Most of that activity happens inside the data center space Zynga controls, its Z Cloud. Companies are comfortable with private clouds inside their own data centers. Public clouds make them nervous--jitters only amplified by the 12-hour outage of Amazon's EC2 on April 21 (see story, "When Amazon's Cloud Turned On Itself").
Zynga is a big user of EC2 and hasn't spoken about the impact the outage had on its operation, or particular steps Zynga took to avoid losing its online games. "We are very big fans of Amazon Web Services and think highly of EC2 services," Leinwand says.
Still, as Leinwand watched well-known services and websites go down, he says, "I was surprised how much trust people put into an architecture they didn't understand."
Customers of a public cloud service, regardless of the supplier, "have to get as much insight as possible into the architecture and understand where it's weaknesses are," he advises. "They need to find the spots that need more redundancy."
Zynga, as a supplier of social games, is in a different position from an equities trading firm, for example, where even a few seconds of downtime can be devastating. But it still has plenty of incentive to keep its services up. Its players are nothing if not passionate, and they're not afraid to light up the community forums if a feature's not working as promised.
"On a given day, if we need to we can deploy a thousand servers."
-- Allan Leinwand, Zynga's CTO of infrastructure engineering
Unlike Amazon, Zynga has linked its internal data centers in different geographic locations together, so they can back one another up. Amazon does failover with different zones inside its data centers, but not across its data centers. If properly designed, say, with an understanding that Amazon's availability zones inside a data center are not entirely insulated from one another -- that a failure of a service in one may lead to failures in all -- a public cloud customer is better informed to craft a failover plan that gets it out of a catastrophic event and into an alternative data center.

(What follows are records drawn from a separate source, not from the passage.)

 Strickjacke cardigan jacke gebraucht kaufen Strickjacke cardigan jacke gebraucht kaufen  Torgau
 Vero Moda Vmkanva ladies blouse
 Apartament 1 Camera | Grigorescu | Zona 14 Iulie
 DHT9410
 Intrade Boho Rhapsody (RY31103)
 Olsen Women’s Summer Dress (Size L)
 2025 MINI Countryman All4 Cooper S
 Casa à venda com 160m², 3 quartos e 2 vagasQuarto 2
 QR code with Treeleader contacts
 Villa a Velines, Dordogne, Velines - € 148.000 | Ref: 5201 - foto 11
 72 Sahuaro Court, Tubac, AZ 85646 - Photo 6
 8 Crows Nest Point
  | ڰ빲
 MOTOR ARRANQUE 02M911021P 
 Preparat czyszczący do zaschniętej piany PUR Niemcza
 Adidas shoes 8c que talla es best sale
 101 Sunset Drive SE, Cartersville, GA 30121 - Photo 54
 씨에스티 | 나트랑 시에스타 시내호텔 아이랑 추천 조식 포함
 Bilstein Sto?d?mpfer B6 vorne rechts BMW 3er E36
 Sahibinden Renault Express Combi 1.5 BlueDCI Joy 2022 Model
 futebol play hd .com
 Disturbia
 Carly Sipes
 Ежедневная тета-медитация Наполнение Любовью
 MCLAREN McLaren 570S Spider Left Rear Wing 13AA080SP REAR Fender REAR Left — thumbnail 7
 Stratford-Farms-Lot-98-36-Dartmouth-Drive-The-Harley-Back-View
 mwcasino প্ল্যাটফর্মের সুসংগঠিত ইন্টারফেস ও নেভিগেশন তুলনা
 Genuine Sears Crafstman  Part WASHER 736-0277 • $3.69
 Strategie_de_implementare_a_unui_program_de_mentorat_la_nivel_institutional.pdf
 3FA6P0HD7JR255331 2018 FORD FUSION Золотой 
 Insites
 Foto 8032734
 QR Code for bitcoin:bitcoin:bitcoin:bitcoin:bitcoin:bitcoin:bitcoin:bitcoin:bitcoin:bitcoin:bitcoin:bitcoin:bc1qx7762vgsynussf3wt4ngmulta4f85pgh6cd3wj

Leinwand won't disclose in detail Zynga's failover plans, but it appears its strategy is to be able take its systems off EC2 and revive them elsewhere if there's ever a failure that threatens operations. As it leases space in various wholesale data centers, Zynga may have the option of keeping space and servers in reserve, or leasing additional servers on short notice from some other occupant of the data center by private agreement. Wholesale data center suppliers are also sometimes managed service suppliers as well, with the ability to shift capacity toward a large and valued customer. Leinwand wouldn't specify what route Zynga took.
Couldn't that alternative simply be another Amazon geographic location? Yes, Leinwand says, but shifting the part of an application that's caught in a failure somewhere else, and leaving parts that are still running in the original location, might not work either.
"For certain applications, the latencies of operating back and forth across the U.S. would have ill effects," he says. "A Web service talking to a database service or an analytics service -- you don't want to spread them apart" to the extent required by using data centers on either side of the country, such as Amazon's Virginia and California data centers.
Leinwand watched the effects of the April 21 outage with great interest, and instead of sounding like he has all the answers, he says, "I'm trying to learn from it." But the fact that Zynga came through the incident unscathed let him say, "I'm pretty proud of how we use the public cloud and Z Cloud."